Hacker News

The queuing discipline used by default (pfifo_fast) is barely more than 3 FIFO queues bundled together. The 3 queues allow for a barest minimum semblance of prioritisation of traffic, where Queue 0 > 1 > 2, and you can tweak some tcp parameters to have your traffic land in certain queues. If there's something in queue 0 it must be processed first before anything in queue 1 gets touched etc.

Those queues operate purely head-of-queue basis. If what is at the top of the queue 0 is blocked in any way, the whole queue behind it gets stuck, regardless of if it is talking to the same destination, or a completely different one.

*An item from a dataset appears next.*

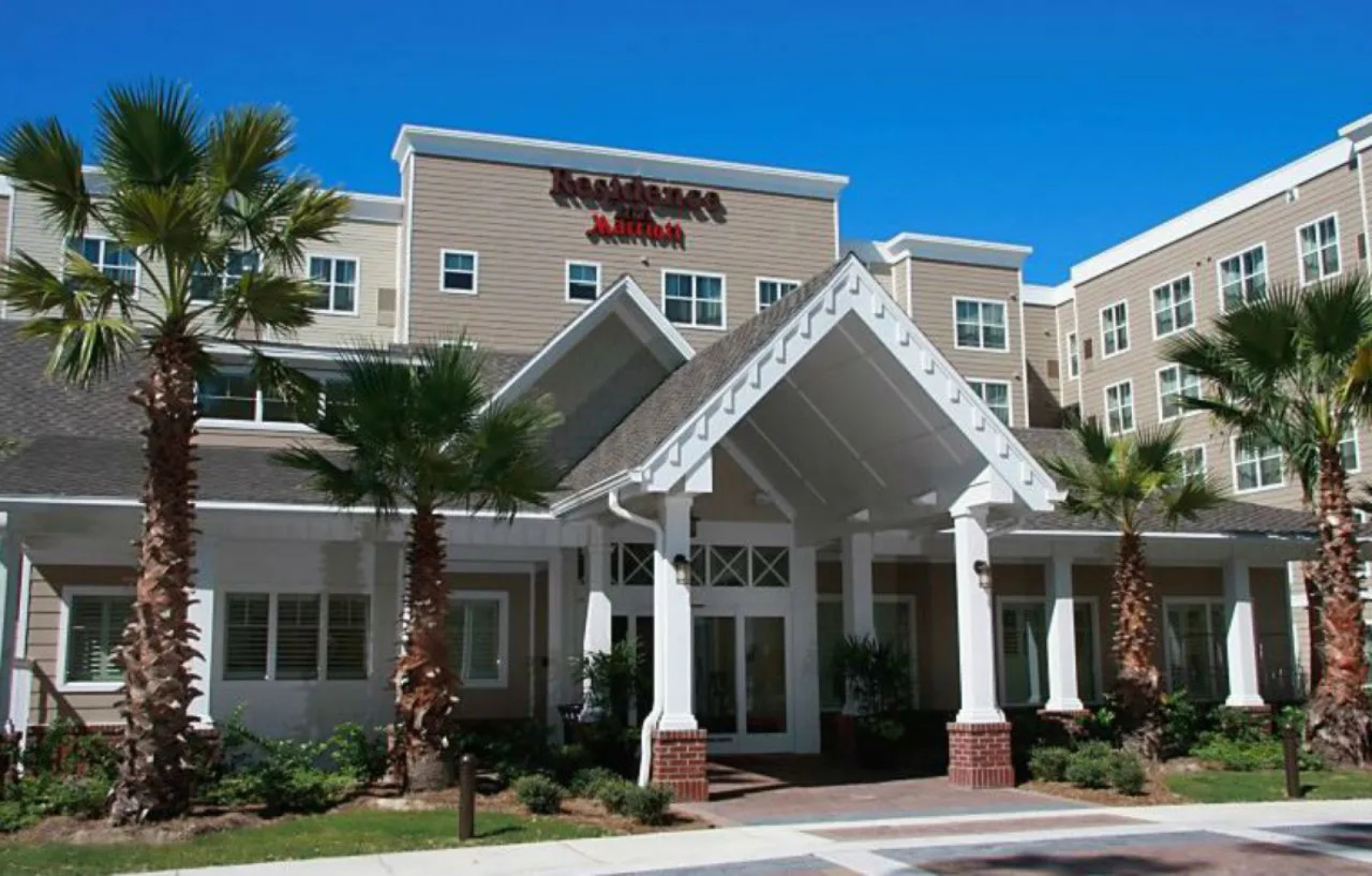 Residence Inn by Marriott Amelia Island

I've seen situations where a glitching network card caused some serious knock on impacts across a whole cluster, because the card would hang or packets would drop, and that would end up blocking the qdisc on a completely healthy host that was in the middle of talking to it, which would have impacts on any other host that happened to be talking to that healthy host. A tiny glitch caused much wider impacts than you'd expect.

The same kind of effect would happen from a VM that went through live migration. The tiny, brief pause would cause a spike of latency all over the place.

There are classful alternatives like fq_codel that can be used, that can mitigate some fo this, but you do have to pay a small amount of processing overhead on every packet, because now you have a queuing discipline that actually needs to track some semblance of state.